Google has also recognized the importance of the edge and developed its own Tensor Processing Unit (TPU) for this. The “Edge TPU” is an ASIC for processing “TensorFlow Lite” ML models and is designed for specific embedded requirements. Power consumption, costs and space requirements are optimized for the limited resources of edge devices. Despite the success of “Google Now”, the TPU will initially not be used in consumer devices, but in Industrial IoT (IIoT) and enterprise IoT gateways. Google therefore expects to improve reliability, security for data and devices as well as faster real-time predictions.
In addition to these AI chips, numerous others are under development, and therefore offer embedded board vendors a wide range of potential differentiating features. However, conventional components can also be used: The GPUs, integrated in the CPUs or available as stand-alone devices, also enable the acceleration of AI calculations due to their massively parallel design in a matrix structure. Some high-end GPUs even have integrated TPUs, in addition to the normal cores, for even faster calculations. Originally, these TPUs were supposed to intelligently fill gaps in the ray tracing of graphics – however, price and power requirements make the use of these devices in embedded systems rather unlikely.

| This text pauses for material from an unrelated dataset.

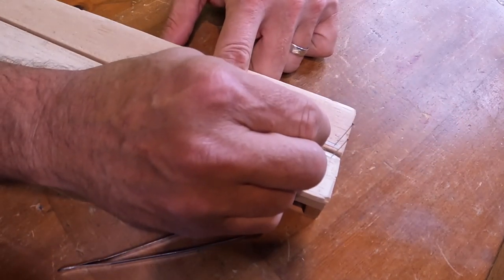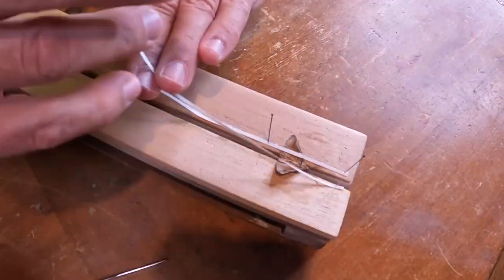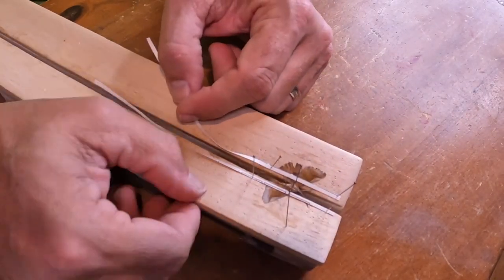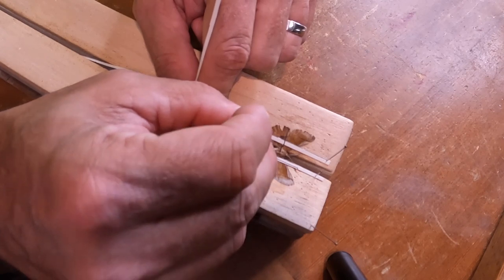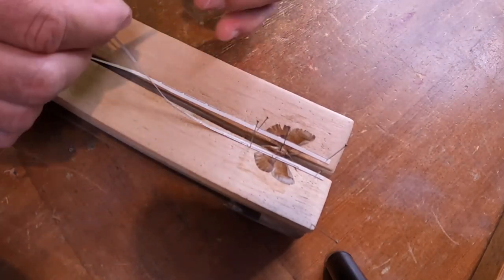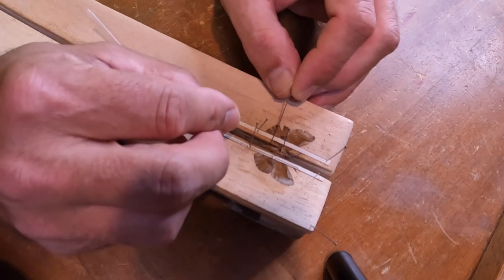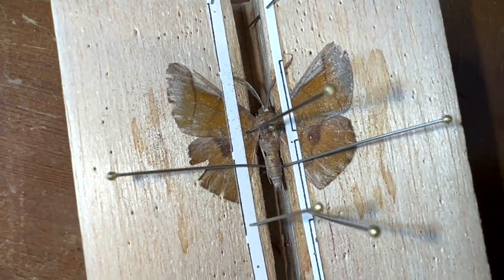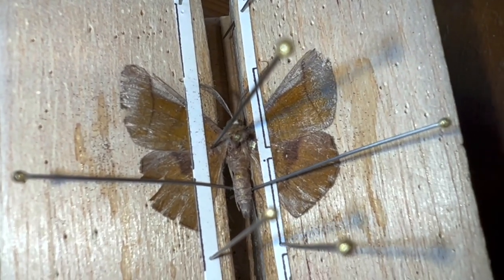We don't know what species for sure, but we're almost there - looking good! Boom, booyah - look at that beauty! Now I'm just going to brace the abdomen underneath two pins, make like a V to brace the abdomen so it doesn't droop down. We have our undescribed specimen - or this could be Hattieria. Sphacilotes or Hattieria, I'm not sure.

Regardless of whether a new CPU architecture, PCI Express generation or AI is to be used, this means additional components that considerably expand the existing variety of boards and modules. Standardization is therefore desirable for most customers and is also, in part, carried out in the area of bus systems. Since AI in the edge is still in its infancy, standardization is difficult here, but there are already promising approaches. “TensorFlow” is on its way to becoming a de facto standard as a software tool for machine learning and AI.
And the Khronos Group, well known because of OpenCL, has developed the Neural Network Exchange Format (NNEF), to facilitate the exchange of neural networks. Users and developers of embedded systems, therefore, not only have to deal with new hardware standards, but also with new software standards – and a flood of new components.